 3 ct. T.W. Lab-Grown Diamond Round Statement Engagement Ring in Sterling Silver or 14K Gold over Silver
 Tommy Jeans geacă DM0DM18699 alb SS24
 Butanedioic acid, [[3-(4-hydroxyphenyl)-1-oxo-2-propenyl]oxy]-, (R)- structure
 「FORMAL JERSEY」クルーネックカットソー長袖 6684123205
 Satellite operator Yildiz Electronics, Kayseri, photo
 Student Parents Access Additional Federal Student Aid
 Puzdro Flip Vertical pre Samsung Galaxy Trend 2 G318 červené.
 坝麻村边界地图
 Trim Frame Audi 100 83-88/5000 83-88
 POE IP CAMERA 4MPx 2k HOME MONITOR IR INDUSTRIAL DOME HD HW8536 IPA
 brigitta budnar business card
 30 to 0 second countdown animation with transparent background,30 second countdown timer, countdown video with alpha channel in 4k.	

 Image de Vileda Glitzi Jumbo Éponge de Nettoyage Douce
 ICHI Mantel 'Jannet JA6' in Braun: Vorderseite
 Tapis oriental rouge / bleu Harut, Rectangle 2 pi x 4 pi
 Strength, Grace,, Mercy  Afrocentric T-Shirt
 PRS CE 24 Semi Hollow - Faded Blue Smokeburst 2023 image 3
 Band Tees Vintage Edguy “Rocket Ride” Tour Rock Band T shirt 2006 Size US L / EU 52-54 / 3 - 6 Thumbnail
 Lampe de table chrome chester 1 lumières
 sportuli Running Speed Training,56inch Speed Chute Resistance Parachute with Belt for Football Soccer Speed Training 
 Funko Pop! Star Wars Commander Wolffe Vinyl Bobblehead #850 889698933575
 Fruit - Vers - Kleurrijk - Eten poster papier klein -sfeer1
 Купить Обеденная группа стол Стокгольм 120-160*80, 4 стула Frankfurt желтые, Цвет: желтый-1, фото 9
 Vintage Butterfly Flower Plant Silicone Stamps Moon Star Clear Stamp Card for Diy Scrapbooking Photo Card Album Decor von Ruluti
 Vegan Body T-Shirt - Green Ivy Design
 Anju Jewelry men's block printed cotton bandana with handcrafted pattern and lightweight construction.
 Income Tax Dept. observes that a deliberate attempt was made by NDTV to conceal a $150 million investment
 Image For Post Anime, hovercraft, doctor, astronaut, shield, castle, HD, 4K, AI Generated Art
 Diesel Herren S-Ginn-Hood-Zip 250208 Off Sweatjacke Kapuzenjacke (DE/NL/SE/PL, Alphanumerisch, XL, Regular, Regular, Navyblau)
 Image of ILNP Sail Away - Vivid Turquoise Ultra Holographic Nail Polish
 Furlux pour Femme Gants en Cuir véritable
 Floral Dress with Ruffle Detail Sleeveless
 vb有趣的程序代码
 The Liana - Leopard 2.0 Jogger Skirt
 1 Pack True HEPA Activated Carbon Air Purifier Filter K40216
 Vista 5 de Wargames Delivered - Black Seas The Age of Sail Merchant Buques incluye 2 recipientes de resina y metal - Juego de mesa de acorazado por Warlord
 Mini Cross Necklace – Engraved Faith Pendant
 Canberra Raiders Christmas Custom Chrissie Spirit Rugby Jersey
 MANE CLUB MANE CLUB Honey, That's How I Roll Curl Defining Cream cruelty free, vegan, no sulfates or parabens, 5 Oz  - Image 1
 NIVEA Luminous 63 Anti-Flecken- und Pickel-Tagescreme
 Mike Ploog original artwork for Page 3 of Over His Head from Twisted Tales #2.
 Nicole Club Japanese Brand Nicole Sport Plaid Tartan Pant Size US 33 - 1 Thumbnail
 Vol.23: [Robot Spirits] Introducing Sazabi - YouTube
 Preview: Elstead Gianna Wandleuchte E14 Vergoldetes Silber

___

What is expected -
Scan the material above for lines that contain the string "Vintage", and copy each such line.

Output of the task -
 Band Tees Vintage Edguy “Rocket Ride” Tour Rock Band T shirt 2006 Size US L / EU 52-54 / 3 - 6 Thumbnail
 Vintage Butterfly Flower Plant Silicone Stamps Moon Star Clear Stamp Card for Diy Scrapbooking Photo Card Album Decor von Ruluti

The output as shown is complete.